A intenção é surpreender os
jogadores com um corredor humano até o ônibus que levará o time ao estádio.
O barulho quebra o fator
surpresa.
Os jogadores — e os
hóspedes — escutam tudo de dentro do hotel.
Alguns deles se mostram realmente
tocados com a demonstração de apoio, outros parecem não se importar tanto.
A Arena Barueri está a menos de
dez quilômetros.
O taxista Deusdete não quis
revelar seu sobrenome.
Lá se vão mais de três décadas
desde que deixou a pequena Santaluz, aos 18 anos, rumo a São Paulo.
Lembra com exatidão o dia em que
chegou: 15 de fevereiro de 1985, véspera de sábado de Carnaval.
Duas semanas depois, viu seu
primeiro jogo do Bahia na capital paulista: derrota por 2 x 0 para o
Corinthians no Pacaembu.
“Desde então vou pra tudo que é jogo do Bahêa em São Paulo. Pacaembu,
Morumbi, Canindé… só não fui a Santos”.
Pai de uma filha são-paulina e um
filho palmeirense, não se incomoda com as escolhas da prole.
“Sou um desportista. Respeitaria até se eles fossem Vitória”,
sorri.
A fila para comprar ingresso toma
uns 15 minutos de espera, seguidos de outros 25 para entrar.
O conferente Júnior Braga
acompanhou de perto a construção do estádio, inaugurado em 2007: desde 1994 ele
mora a alguns metros dali.
A bola já está rolando e ele
vocifera contra o 3G, que não atualiza a transmissão em tempo real pelo
celular.
“Se sair gol a gente vai saber”, diz o pedreiro Ailton Soares, que
veio de Diadema (SP), onde mora desde 1998.
“É melhor entrar com o placar em 0 x 0”, diz seu colega de
profissão Enildo Rodrigues, que mora em Cotia (SP) há 14 anos.
“Vai que o Bahia faz 1 x 0 agora e toma o empate na hora que a gente
entrar”, pondera.
O vizinho da Arena Barueri não
conhecia os outros dois.
O recém-formado trio mostra
entrosamento ao lembrar do time bicampeão baiano em 1993–94.

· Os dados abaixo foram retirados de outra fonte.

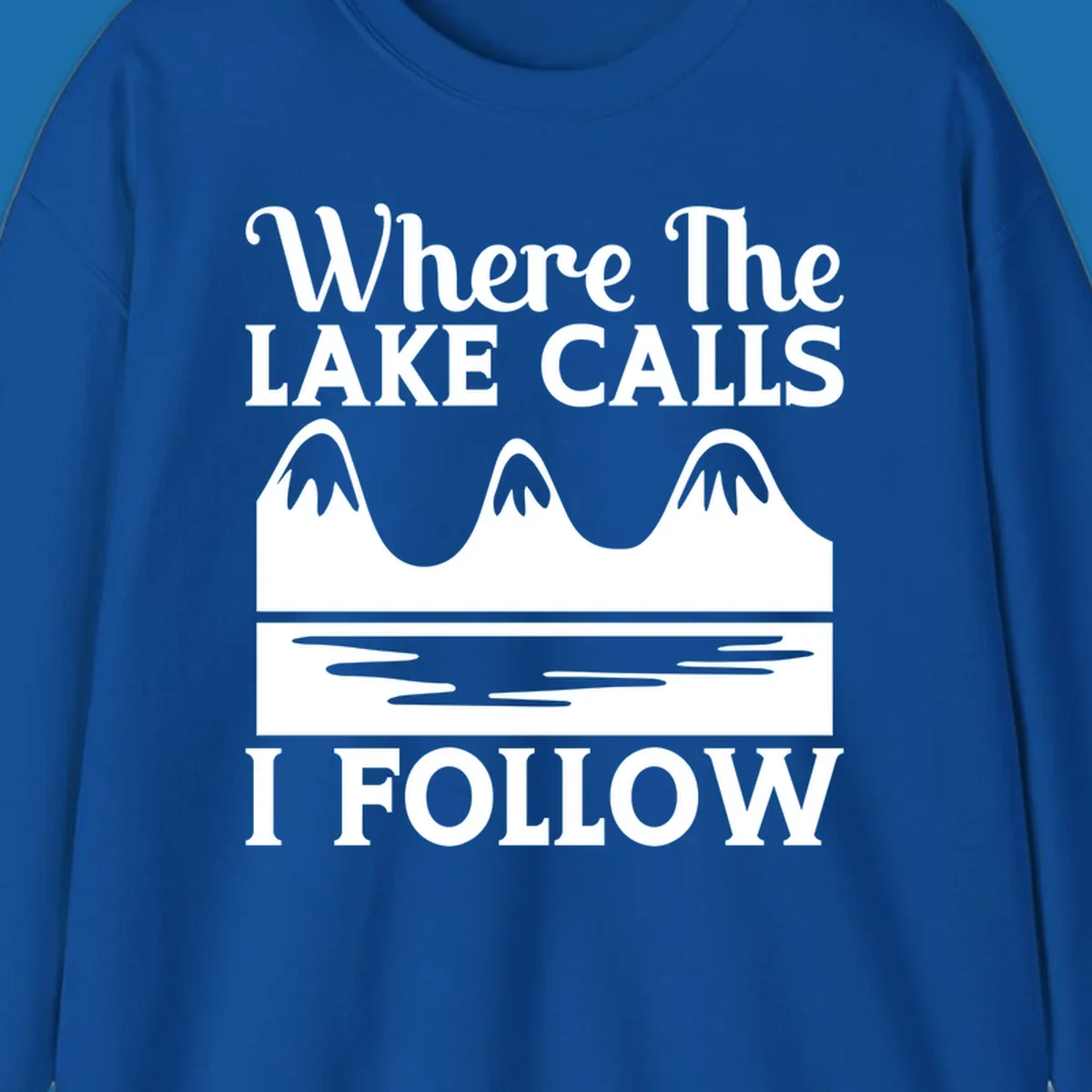 Mountains and lake graphic with text 'Where The LAKE CALLS I FOLLOW'.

“Com Marcelo, Raudinei e Naldinho não tinha para ninguém”, diz
Júnior, antes de atravessar a catraca e correr rumo às arquibancadas.
O primeiro tempo já está quase na
metade e os minutos não vistos parecem não fazer falta.
Nada de interessante acontece em
campo, ao contrário do setor de visitantes, lotado por quase três mil
tricolores.
A cantoria e a batucada são
constantes.
O apoio, incondicional.
Mas o time do Bahia não ajuda e o
placar imaculado faz justiça ao futebol visto.
Sentado no primeiro degrau da
arquibancada, o vidraceiro André Magalhães é outro a sentir falta do time de
1994.
“Se tivéssemos um Paulo Emílio na armação, um Naldinho, um Marcelo
Ramos no ataque, já estaríamos ganhando o jogo”.
Para André, foi o maior Bahia que
ele viu jogar.
Nascido no bairro da Ribeira, foi
frequentador assíduo da Fonte Nova até 1999, quando se mudou para São Paulo.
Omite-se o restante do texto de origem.